**Supplied records**
· · · · ·

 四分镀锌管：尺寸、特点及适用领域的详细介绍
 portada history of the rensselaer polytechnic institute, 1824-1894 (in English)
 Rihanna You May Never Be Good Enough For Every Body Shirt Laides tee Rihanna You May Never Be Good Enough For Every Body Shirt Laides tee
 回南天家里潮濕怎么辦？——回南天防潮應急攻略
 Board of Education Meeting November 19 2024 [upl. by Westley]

· · · · ·

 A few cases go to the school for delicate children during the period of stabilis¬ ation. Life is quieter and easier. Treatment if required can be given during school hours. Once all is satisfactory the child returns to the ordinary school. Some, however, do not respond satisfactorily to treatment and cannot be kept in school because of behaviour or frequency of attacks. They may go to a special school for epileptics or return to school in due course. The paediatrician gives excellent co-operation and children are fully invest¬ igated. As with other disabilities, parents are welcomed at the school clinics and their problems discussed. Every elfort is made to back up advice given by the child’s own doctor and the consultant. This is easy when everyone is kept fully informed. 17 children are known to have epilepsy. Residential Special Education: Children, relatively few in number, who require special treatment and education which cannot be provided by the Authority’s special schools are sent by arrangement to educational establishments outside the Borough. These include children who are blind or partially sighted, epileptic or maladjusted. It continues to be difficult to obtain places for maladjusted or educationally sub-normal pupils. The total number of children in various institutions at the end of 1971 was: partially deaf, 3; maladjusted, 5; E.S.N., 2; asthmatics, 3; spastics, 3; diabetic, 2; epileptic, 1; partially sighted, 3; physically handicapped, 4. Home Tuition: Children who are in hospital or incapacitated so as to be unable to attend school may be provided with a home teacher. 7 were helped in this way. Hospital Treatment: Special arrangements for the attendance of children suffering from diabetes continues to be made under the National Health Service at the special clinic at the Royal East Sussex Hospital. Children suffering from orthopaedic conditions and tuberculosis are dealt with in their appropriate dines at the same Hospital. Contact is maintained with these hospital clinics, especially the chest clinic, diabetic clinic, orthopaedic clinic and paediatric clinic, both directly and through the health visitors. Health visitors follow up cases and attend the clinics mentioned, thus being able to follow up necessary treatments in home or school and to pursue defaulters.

· · · · ·

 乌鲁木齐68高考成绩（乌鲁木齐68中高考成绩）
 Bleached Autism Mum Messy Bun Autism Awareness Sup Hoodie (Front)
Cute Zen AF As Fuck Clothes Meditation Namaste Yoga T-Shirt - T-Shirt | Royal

· · · · ·

**Task details**
Produce only the lines from the line containing "乌鲁木齐68高考成绩（乌鲁木齐68中高考成绩）" through the line containing "Cute Zen AF", inclusive of both, exactly as they stand in the entries above.

**Expected answer**
 乌鲁木齐68高考成绩（乌鲁木齐68中高考成绩）
 Bleached Autism Mum Messy Bun Autism Awareness Sup Hoodie (Front)
Cute Zen AF As Fuck Clothes Meditation Namaste Yoga T-Shirt - T-Shirt | Royal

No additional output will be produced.